* Assigned task: Pictures left aside, return the lines below exactly, from the one with "Rare Game Boy - Super R.C. Pro-Am" to the end, including both ends.

* Given data:
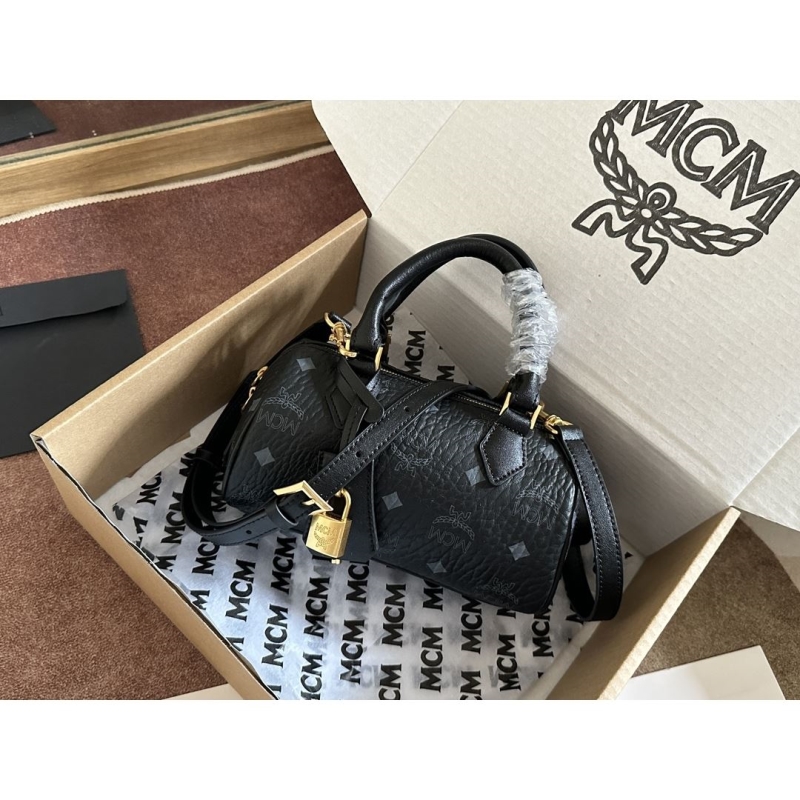 MCM Handle Bags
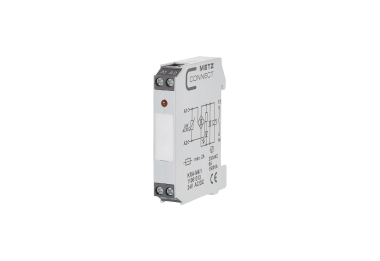 BTR Koppel-Baustein    KRA-M4/1 24VAC/DC 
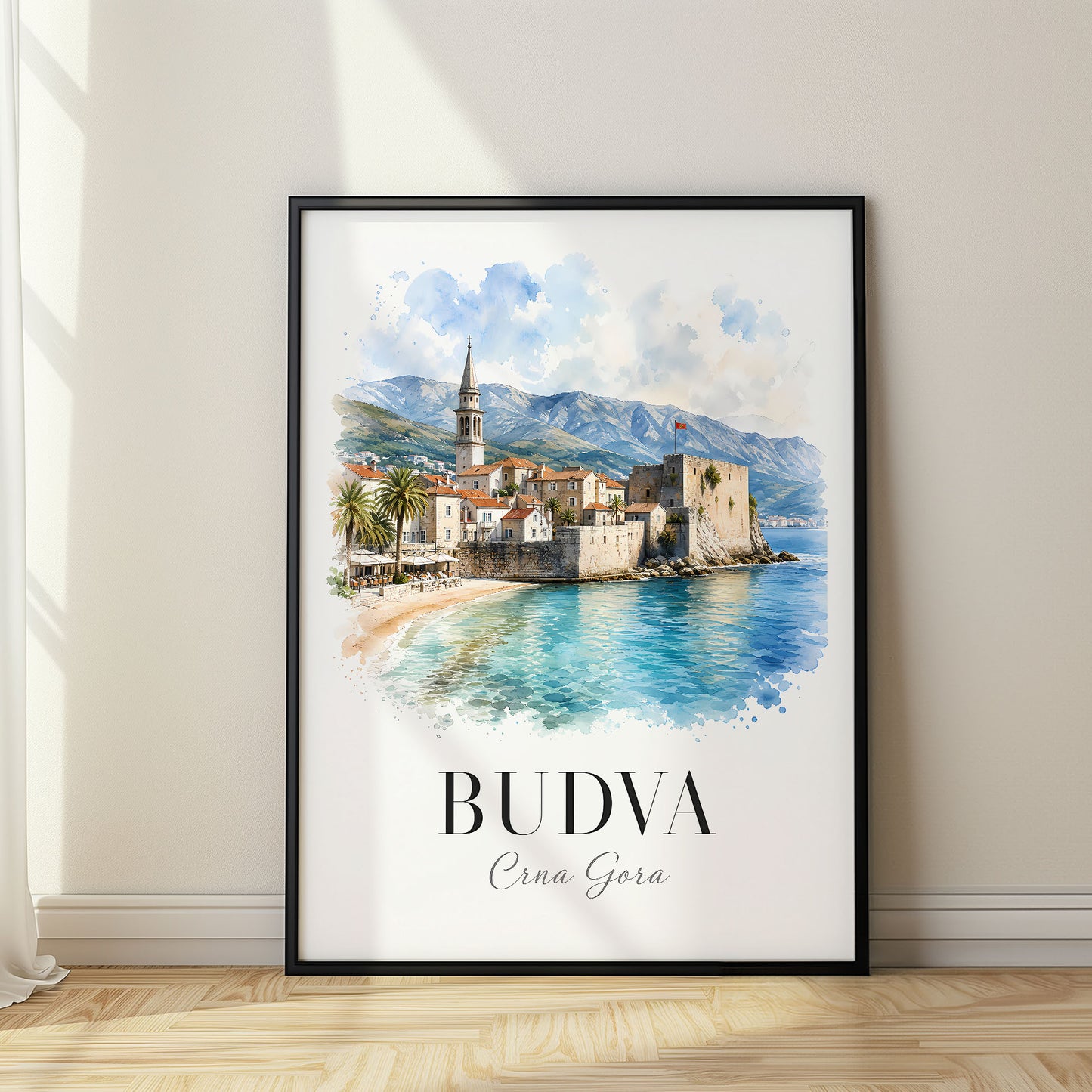 Budva, Montenegro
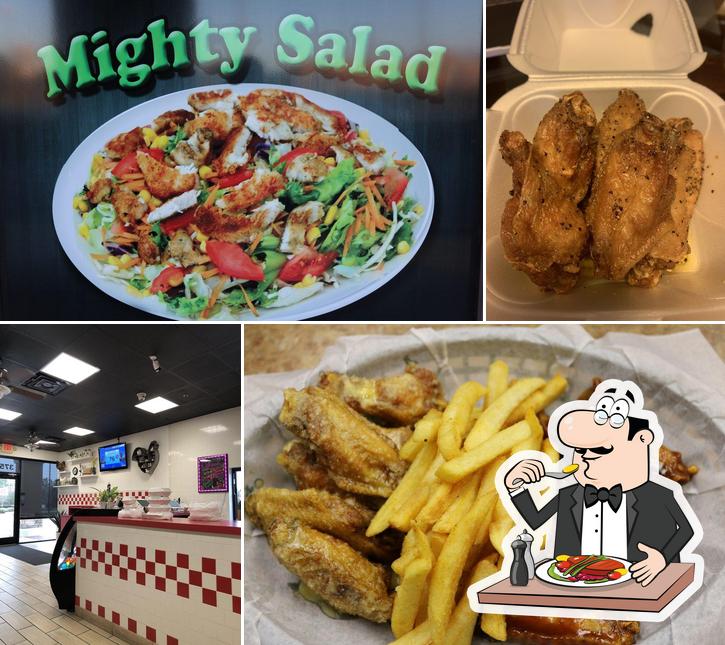 Mighty Wings In Poinciana American Restaurant Menu And Reviews 1183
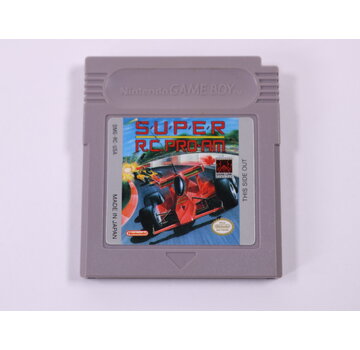 Rare Game Boy - Super R.C. Pro-Am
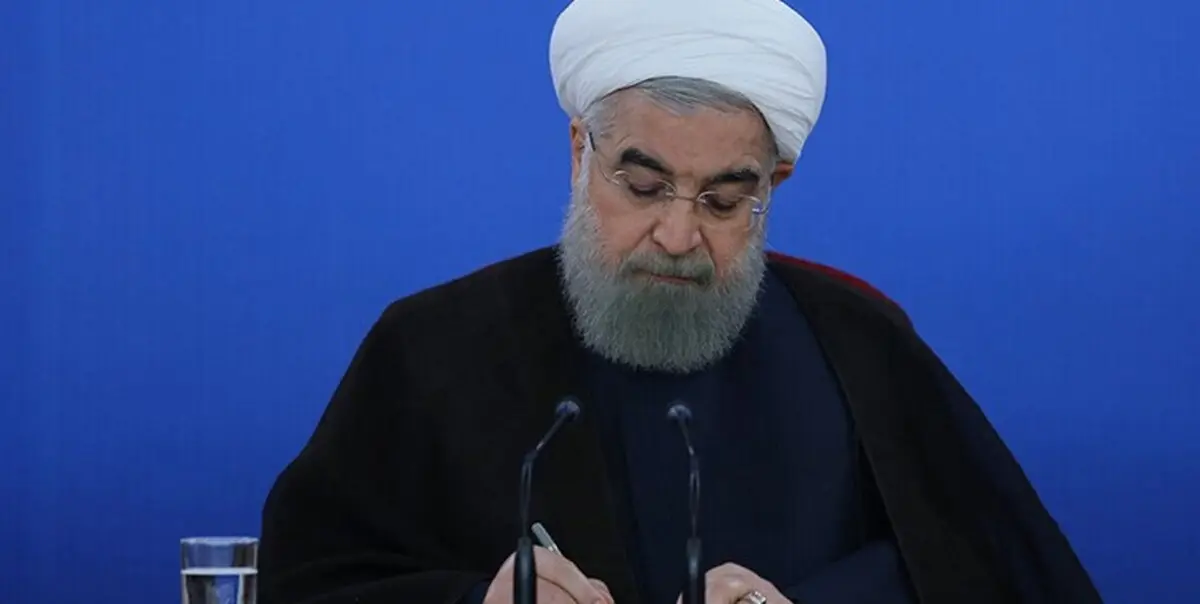 رییس جمهور سند جامع علم و فناوری در حوزه دفاعی و امنیتی را ابلاغ کرد 
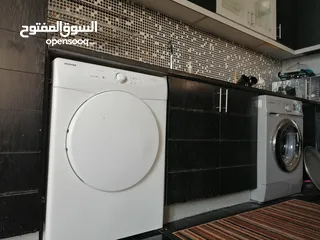  16 روف فخم، مستقل و مفروش بالكامل للايجار. إقرأ تفاصيل الإعلان كاملة لطفا furnished roof top for rent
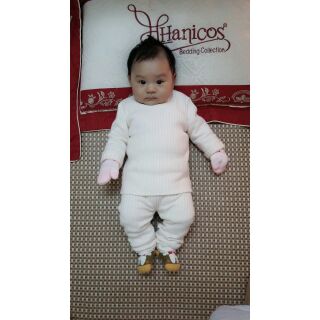 Bộ len tăm babygap cho bé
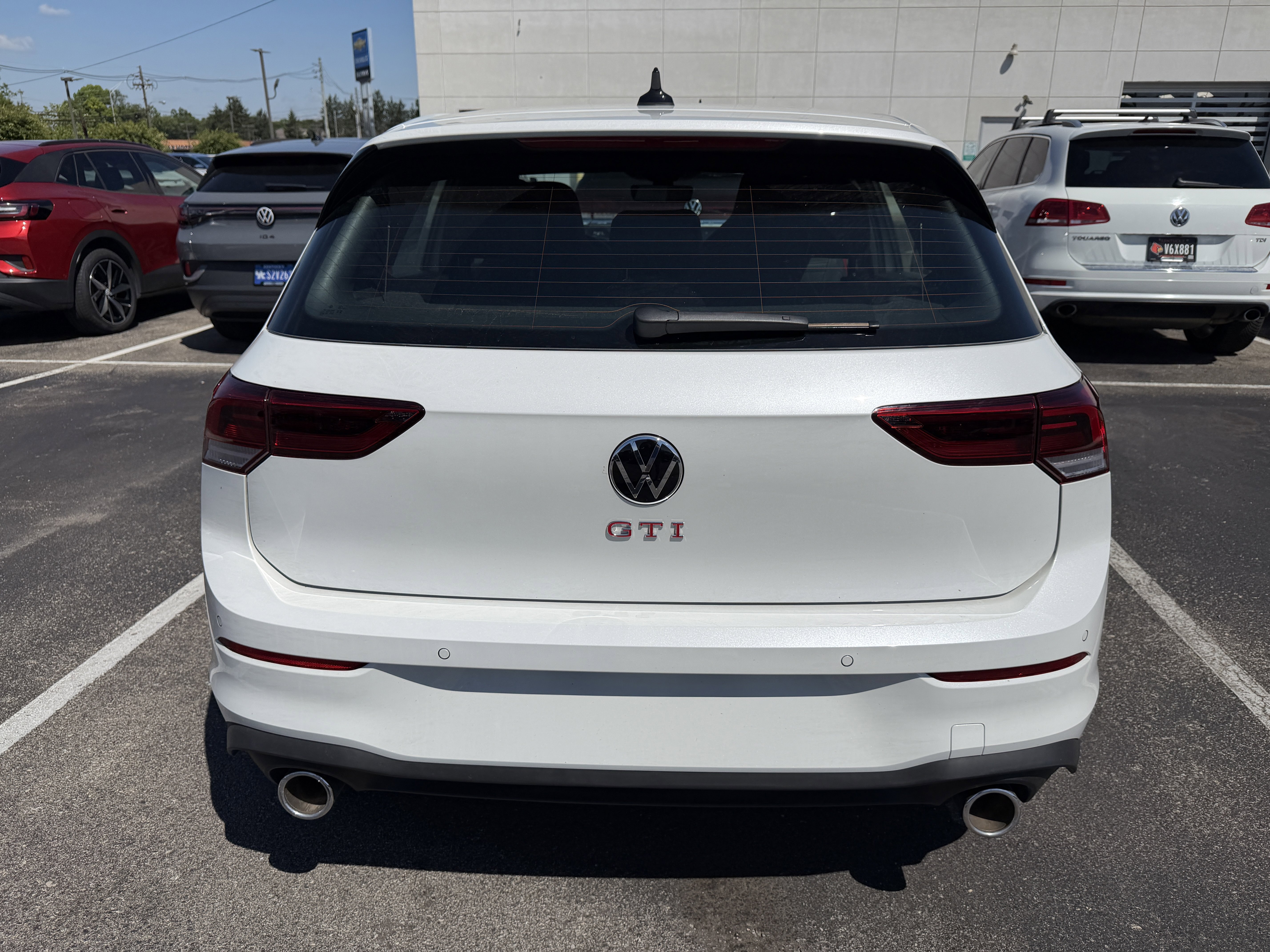 New 2026 Volkswagen GTI Autobahn FWD image 6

* Answer to the problem:
 Rare Game Boy - Super R.C. Pro-Am
 رییس جمهور سند جامع علم و فناوری در حوزه دفاعی و امنیتی را ابلاغ کرد 
  16 روف فخم، مستقل و مفروش بالكامل للايجار. إقرأ تفاصيل الإعلان كاملة لطفا furnished roof top for rent
 Bộ len tăm babygap cho bé
 New 2026 Volkswagen GTI Autobahn FWD image 6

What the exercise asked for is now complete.